Faced with exploding telemetry volumes and soaring tool costs, security and DevOps teams have had to make tough tradeoffs: reduce what you ingest, or risk drowning in data–but that can introduce blind spots and slow critical incident detection. Observo AI’s data pipeline helps solve that by giving teams powerful ways to filter, enrich, and route logs in real time—optimizing what goes into platforms like SIEM, log analytics, and APM tools.

But what about the data you don’t send?

Whether you're holding data for compliance, need to run an investigation on older events, or want to analyze trends across time, Observo Query gives you direct access to archived telemetry—without rehydrating petabytes just to find the single event you need.

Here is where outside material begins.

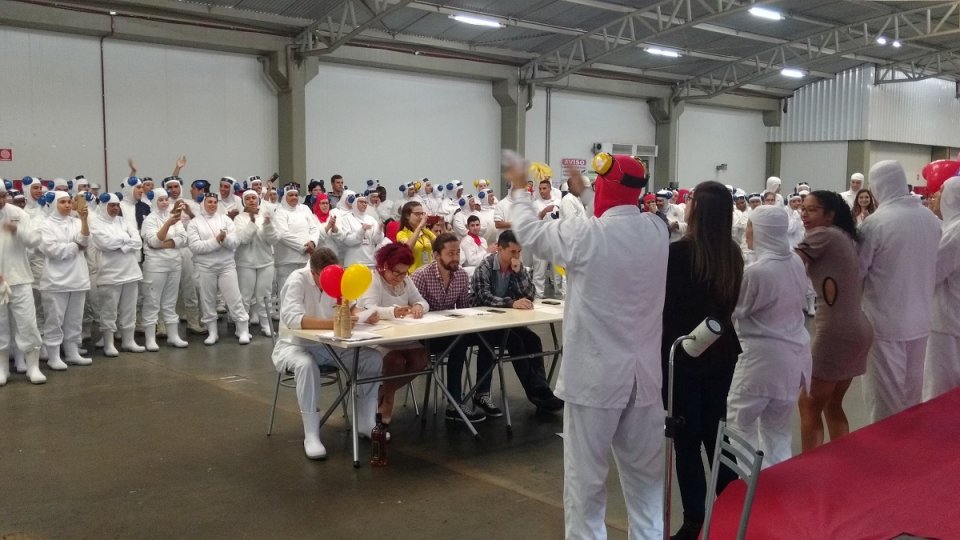 Cinco equipes realizam apresentação de “Paródias da Prevenção” na Unidade Aurora de Mandaguari (PR)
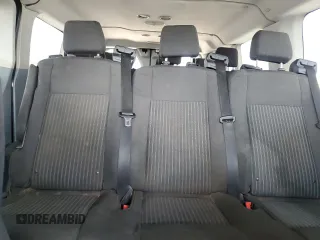 2018 Ford Transit Passenger XL z VIN 1FBZX2YG3JKB06453, wystawiony jako Copart lot #57518745 z przebiegiem 137 724 mil mil oraz Tytuł czysty. Historia ofert i sprzedaży dostępna na DreamBid. Obrazek 10.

This blog explores how Observo Query bridges cost-efficient data reduction with deep historical search—and where we’re taking the product next. UPDATE: This blog has been updated with a section on Observo Orion, our Agentic AI Data Engineer, which was released earlier this year.

‍

Rethinking Retention: Archive First, Search When You Need It

Many teams look to filter telemetry before forwarding it to tools like Splunk, Elasticsearch, or Datadog to control costs. But without a reliable way to archive that data, they risk falling short of data retention policies and industry standards—or losing access to valuable context for future investigations.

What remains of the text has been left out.